Boost Wind. This is the unpredictable error between the measured wind velocity and the wind velocity that the rocket actually encountered during the initial launch stage. The MFOM rockets are extremely sensitive to the low level winds due to the relatively low velocity of the rocket as it leaves the launch tube. The resulting effect produces a path heading error in the first few seconds of flight.

Coast Wind. This is the unpredictable error between the measured wind velocity and the wind velocity that the rocket actually encountered during the majority of its flight (upper level winds).

Standard tactical meteorological system reports a measurement that is two hours old and is taken a number of kilometers away from the rocket flight path. This spatial and temporal difference is the major contributor to the random bias error associated with both boost and coast winds.

Impulse. This is the difference between the average total impulse of the rocket motors in the pod and that of the nominal motor. This error is controlled by manufacturing tolerances and system design.

Drag. This is the difference between the average aerodynamic drag of the rockets in the pod compared to the perfect nominal rocket. This error is also controlled by manufacturing tolerances and system design.

Ambient Temperature. This is the unpredictable difference between the measured temperature of the atmosphere and the actual temperature experienced by the rocket. Temperature is a variable used to compute air densities which in turn is used to compute drag.

Pressure. This is the unpredictable difference between the measured pressure of the atmosphere and the actual pressure experienced by the rocket. Pressure is also a variable used to compute air density and ultimately drag.

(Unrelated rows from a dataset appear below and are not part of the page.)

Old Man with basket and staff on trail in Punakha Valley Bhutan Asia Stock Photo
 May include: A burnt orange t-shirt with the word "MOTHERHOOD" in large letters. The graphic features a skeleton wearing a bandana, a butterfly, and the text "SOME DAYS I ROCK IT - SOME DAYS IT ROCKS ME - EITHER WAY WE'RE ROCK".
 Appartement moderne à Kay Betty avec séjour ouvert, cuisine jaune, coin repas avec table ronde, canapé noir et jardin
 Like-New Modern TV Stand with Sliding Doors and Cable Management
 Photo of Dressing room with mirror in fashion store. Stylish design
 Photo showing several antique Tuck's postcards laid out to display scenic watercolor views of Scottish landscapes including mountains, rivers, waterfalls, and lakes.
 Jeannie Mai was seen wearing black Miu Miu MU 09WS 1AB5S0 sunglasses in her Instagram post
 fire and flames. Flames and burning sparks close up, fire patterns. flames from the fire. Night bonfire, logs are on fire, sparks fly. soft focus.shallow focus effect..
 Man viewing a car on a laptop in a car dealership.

Position Determining System (PDS). There are errors created by the onboard position determining system. The majority of range errors are due to the inaccurate determination of launcher altitude. This error is independent of rocket design or manufacture.

Submunition. These errors are primarily due to unaccounted and unknown winds in the target area.

Rocket/Stabilization Reference Package (SRP) Misalignment. This error is due to a misalignment of the launch pod and/or rockets and the SRP. This error is controlled by system design, manufacturing tolerances, and launcher maintenance procedures.

Precision Errors

Precision errors are caused by variations between rockets. Example - variations in launch weight, variations in rocket motor total impulse (see Figure C-1).

Mal-Launch. Mal-launch is the apparently random "kick" given to the rocket while it is exiting the launch tube. It is created through a complex and not well understood interaction of the rocket with the launch pod, the sabots, launcher, and exhaust gases. Mal-launch rates are usually derived indirectly and quoted as an angular rate at tube exit and are not predictable.

Drag. Drag variability is the random rocket-to-rocket variability of the drag characteristics.

Impulse. Impulse variability is the random rocket-to-rocket variability of the rocket motor.

Submunition. This factor is caused primarily by the height of burst (HOB) precision variability. Varying HOBs will allow a variable amount of wind drift to affect the submunition secondary trajectory.

Mass Unbalance. Mass unbalance is the unbalanced condition of the rocket as it leaves the launch tube. An unbalanced condition will create a real-launch condition.

Thrust Malalignment. This is the condition where the motor thrust is not aligned with the rocket center. The effect of this has been minimized by the use of rocket rotation.